* _WORK INSTRUCTIONS_
Please output the entries that follow exactly, without a single image.

* _DATA SUPPLIED_
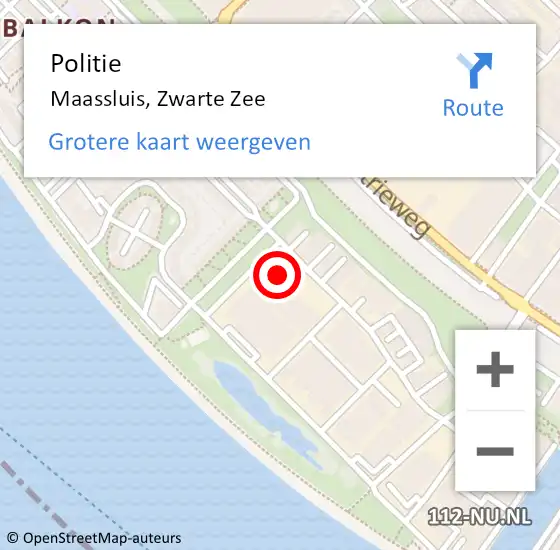 Locatie op kaart van de 112 melding: Politie Maassluis, Zwarte Zee op 5 april 2022 07:41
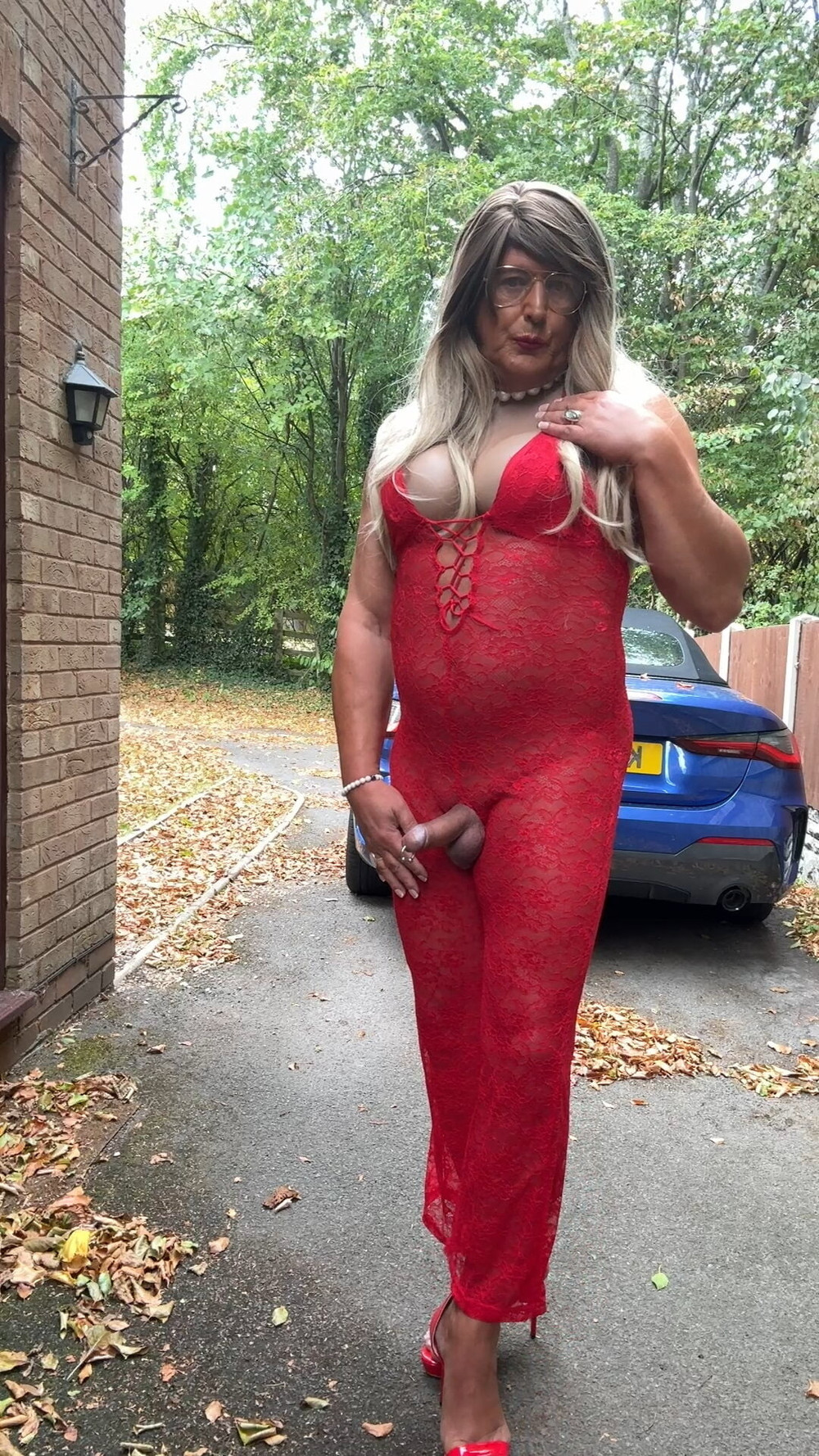 Sexy Crossdresser kellycd2022 in red lace jumpsuit and heels #32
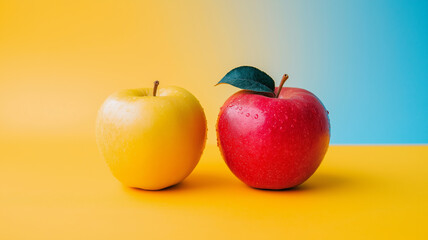 Minimalist composition featuring a red and yellow apple with water droplets, set against a vibrant yellow-to-blue gradient backdrop.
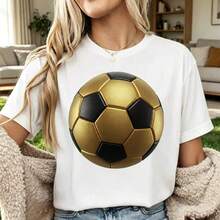 Vintage T-Shirt With  Gold Trophy Graphic - 白色 3 - 查看 1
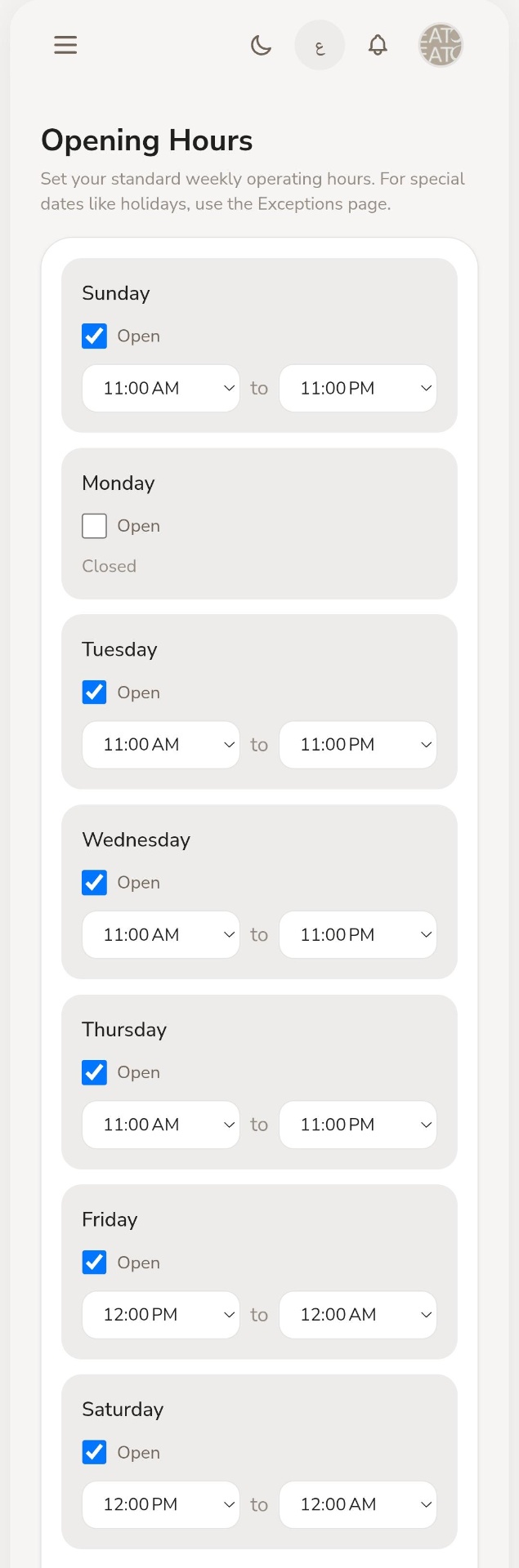 Opening Hours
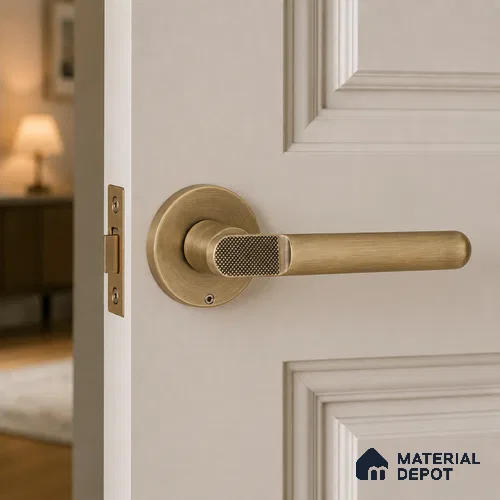 Ottr Zinc Mortise Handle HA 00297 Antique Brass Finish Rose Mount | 2 Years Warranty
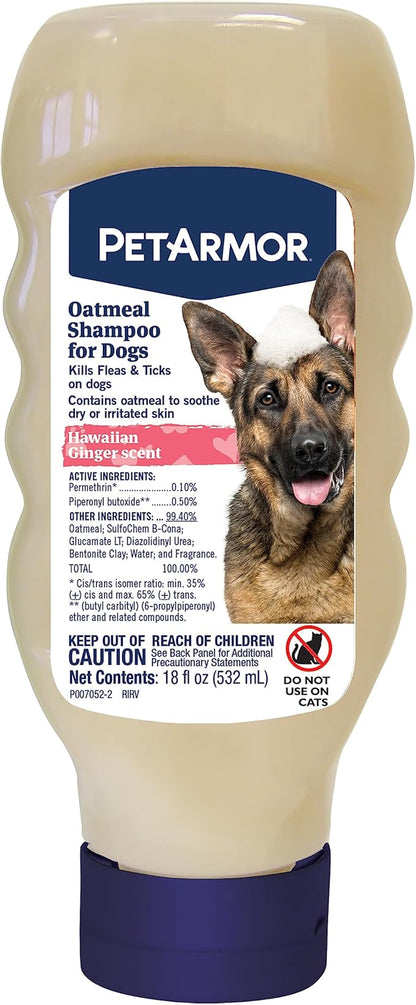 PetArmor Flea & Tick Protection Oatmeal Shampoo for Dogs, Hawaiian Ginger Scent, 18 oz
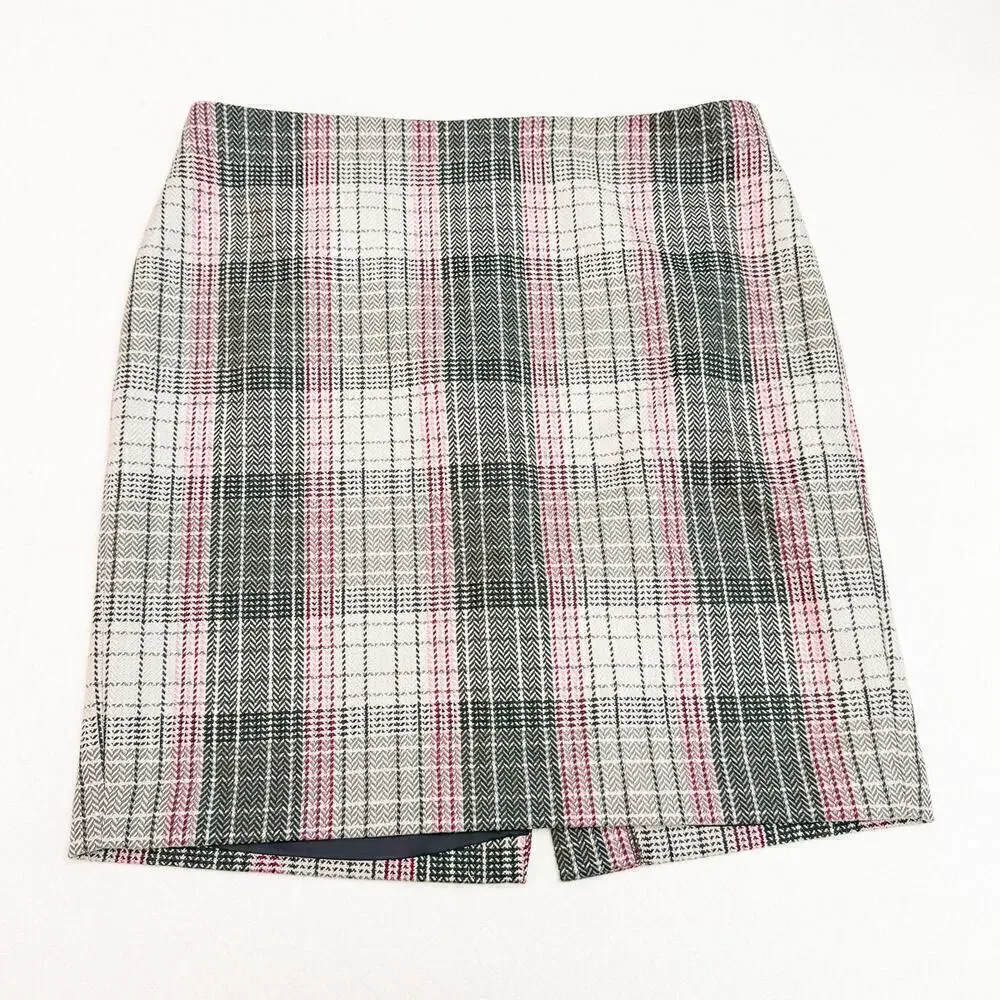 Talbots Plaid Wool Pencil Skirt Gray Pink Size 14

* _ANSWER BELOW_
 Locatie op kaart van de 112 melding: Politie Maassluis, Zwarte Zee op 5 april 2022 07:41
 Sexy Crossdresser kellycd2022 in red lace jumpsuit and heels #32
 Minimalist composition featuring a red and yellow apple with water droplets, set against a vibrant yellow-to-blue gradient backdrop.
 Vintage T-Shirt With  Gold Trophy Graphic - 白色 3 - 查看 1
 Opening Hours
 Ottr Zinc Mortise Handle HA 00297 Antique Brass Finish Rose Mount | 2 Years Warranty
 PetArmor Flea & Tick Protection Oatmeal Shampoo for Dogs, Hawaiian Ginger Scent, 18 oz
 Talbots Plaid Wool Pencil Skirt Gray Pink Size 14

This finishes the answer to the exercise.